ACTIVITY:
Begin at the line that contains "venaktasluna CUTE PUNKY nude photo 1" and reproduce it along with every line after it to the end of the listing; skip any pictures.

PROVIDED DATA:

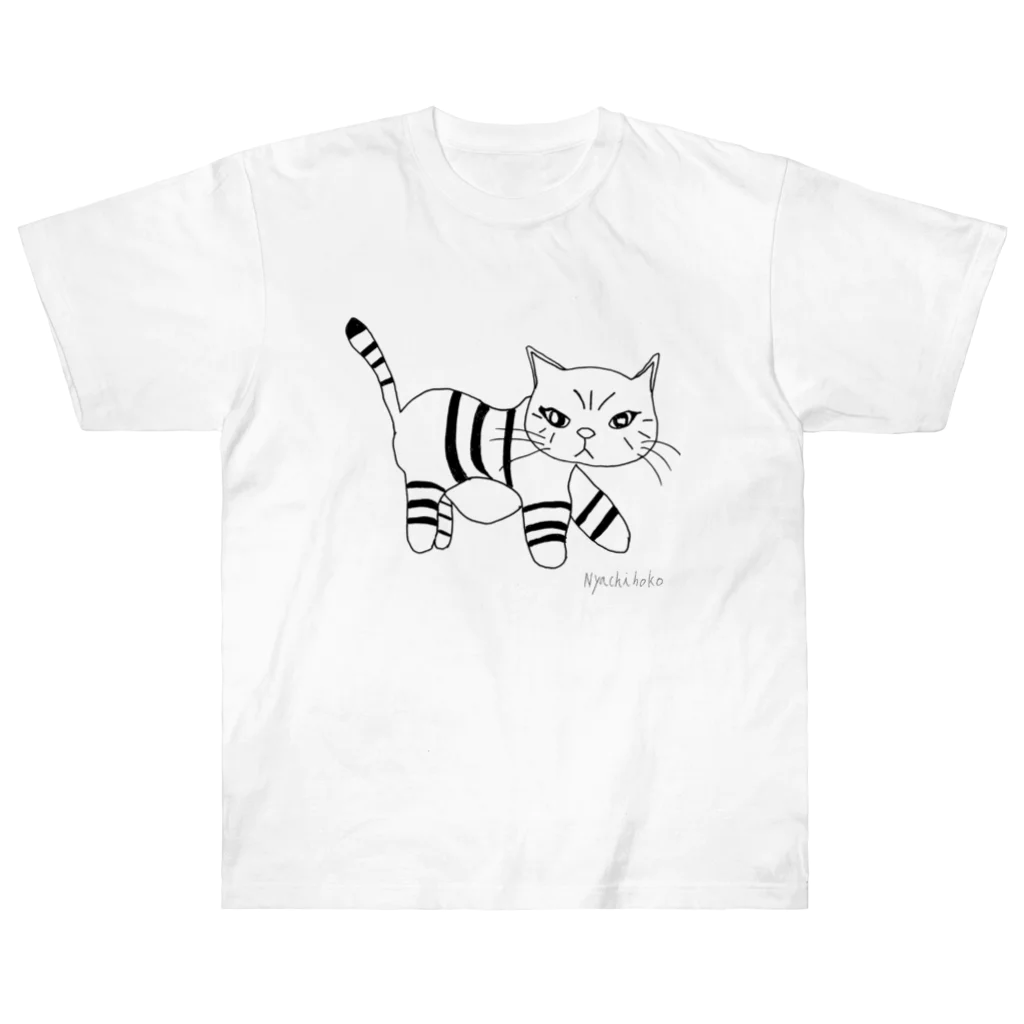 にゃちほこの通りすがりの猫 ヘビーウェイトTシャツ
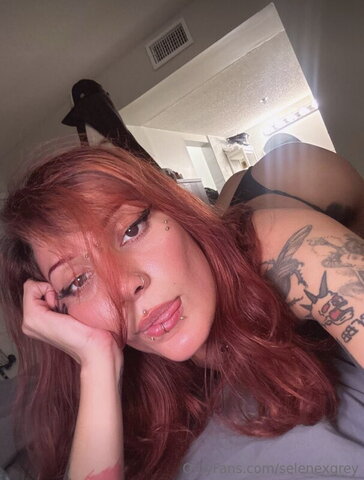 venaktasluna CUTE PUNKY nude photo 1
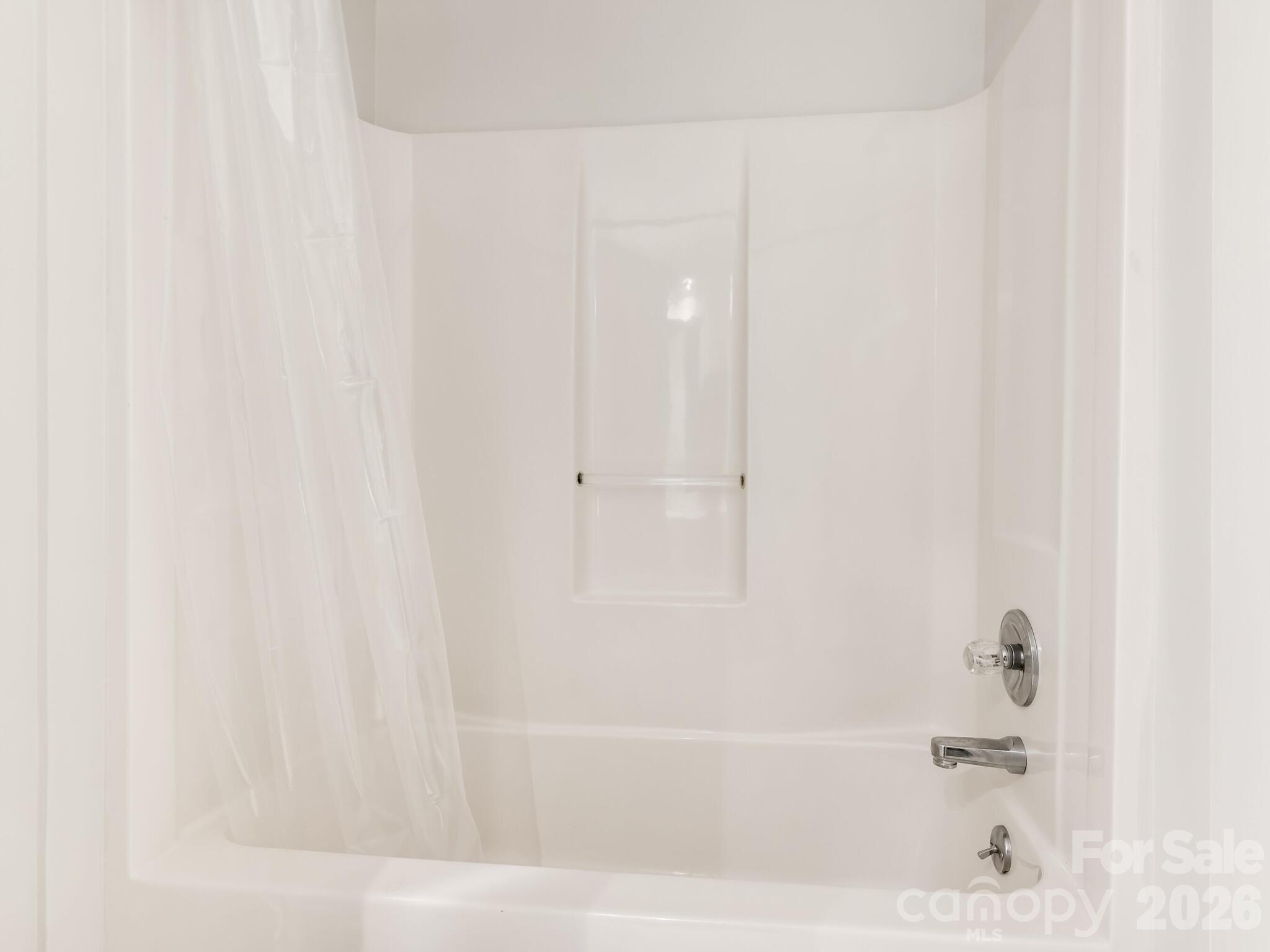 416 Queens Road Unit: 7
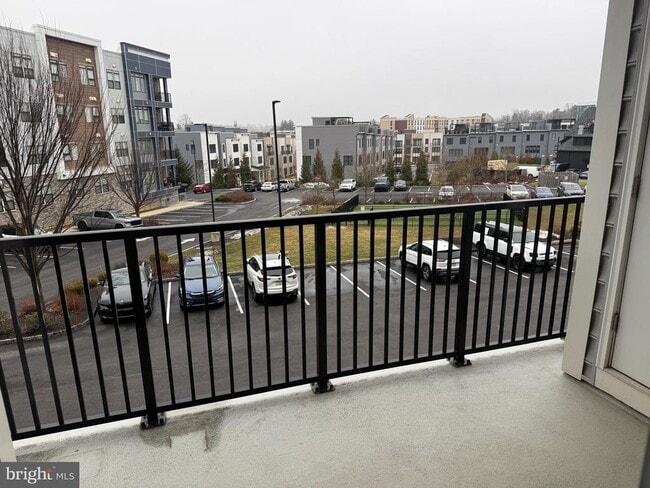 Building Photo - 220 Charles Ellis Dr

TASK RESULT:
 venaktasluna CUTE PUNKY nude photo 1
 416 Queens Road Unit: 7
 Building Photo - 220 Charles Ellis Dr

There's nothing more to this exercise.